On 11/12/13 2:36 PM, Timon Gehr wrote:
On 11/12/2013 06:46 AM, Andrei Alexandrescu wrote:
On 11/11/13 2:36 PM, Timon Gehr wrote:
On 11/11/2013 11:02 PM, deadalnix wrote:
On Sunday, 10 November 2013 at 12:39:35 UTC, Timon Gehr wrote:
What about Object.factory?

I always though of it as a misfeature.

Me too.

... well time to substantiate.

Andrei

- Every class in any imported module will need to show up in the
generated code even if it is never used unless global static analysis is
carried out on arguments to Object.factory.

Correct. On the other hand, a lot of unused classes in used modules seems to indicate a problem with the system's design.

- If I know the fully qualified name of a class, there are better ways
to instantiate this class than passing a string containing that name to
Object.factory in order to call the default constructor.

What are the better ways? Note that most of the time you don't "know" the name of a class - you get it down the wire during some deserialization. So there must be some way to build an object from a token representation of the object.
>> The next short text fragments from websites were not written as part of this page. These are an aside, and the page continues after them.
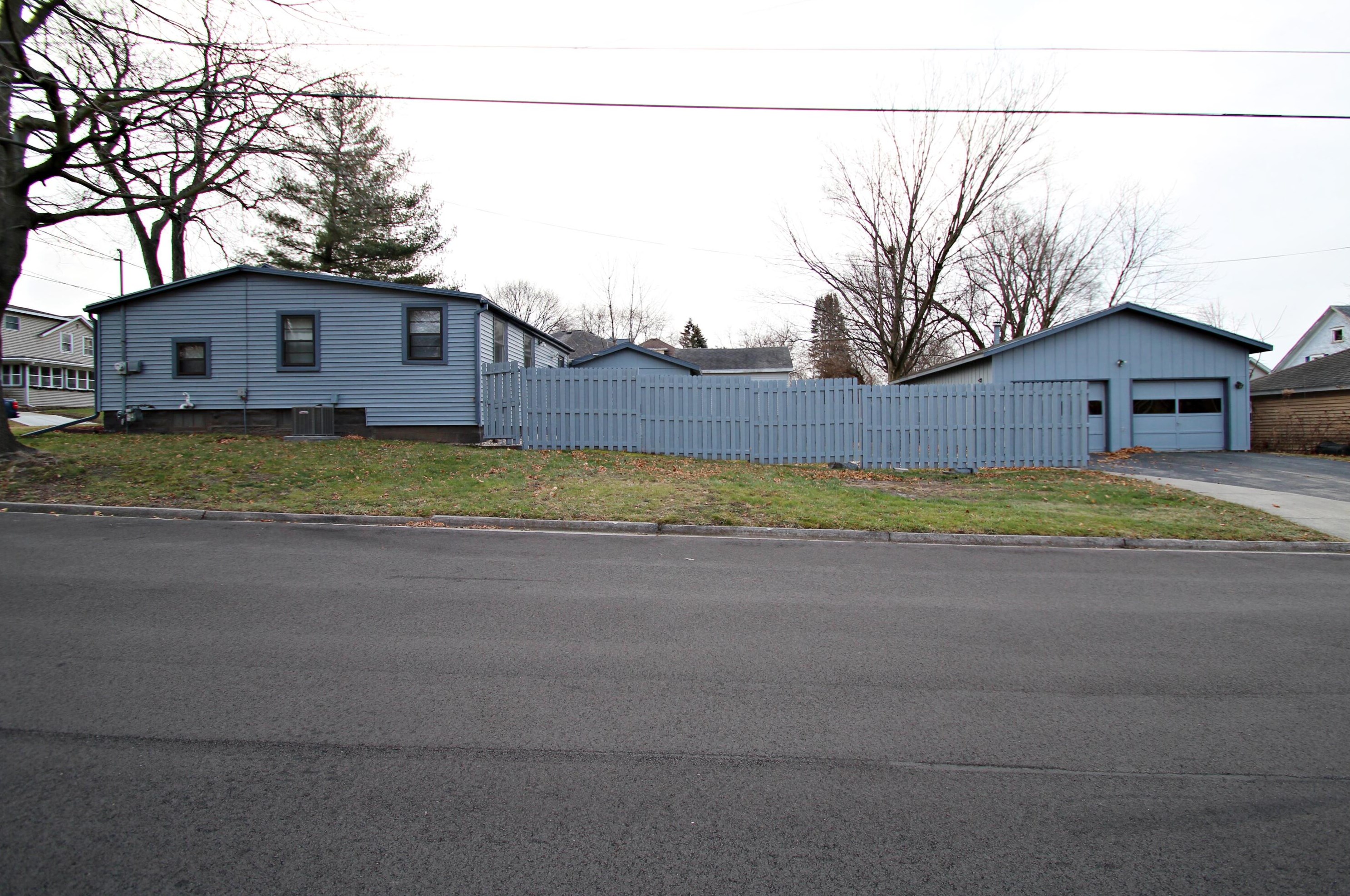 329 Clarence St, Fort Atkinson, WI 53538-1846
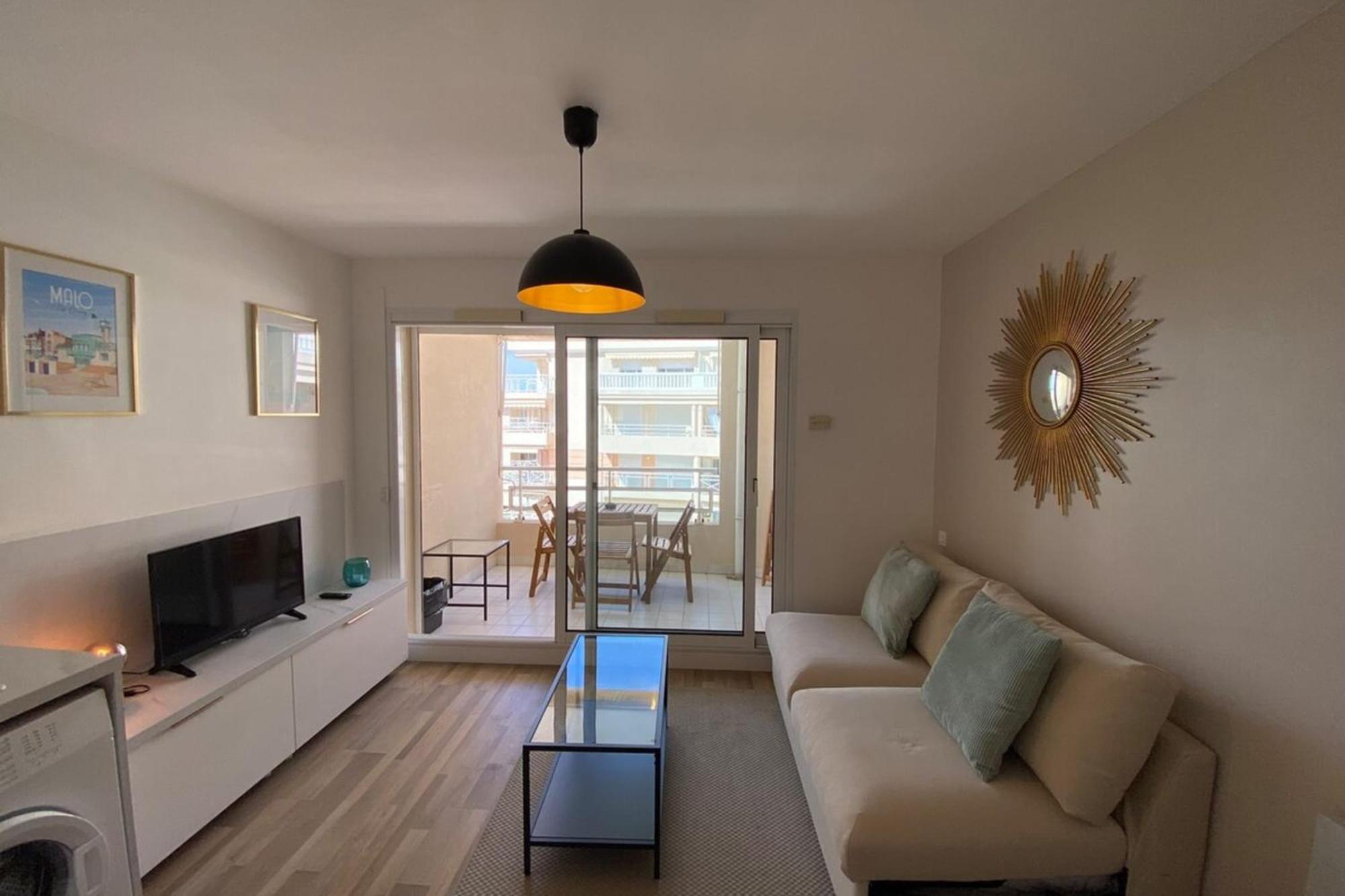06Ai - Beautiful Renovated Studio - Sea And Pool View 瓦洛里 外观 照片
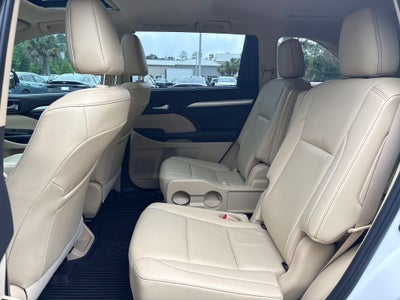 2019 Toyota Highlander Base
- The functionality provided by Object.factory is trivially replaced by
a solution more specifically tailored to the problem at hand using
compile-time reflection.

It's not quite trivial - somewhere there has to be a map and registration and lookup and whatnot. I don't see it why it's unbecoming for such functionality to be part of the standard library. I would agree, however, that it's a judgment call whether it should be wired in or provided on demand.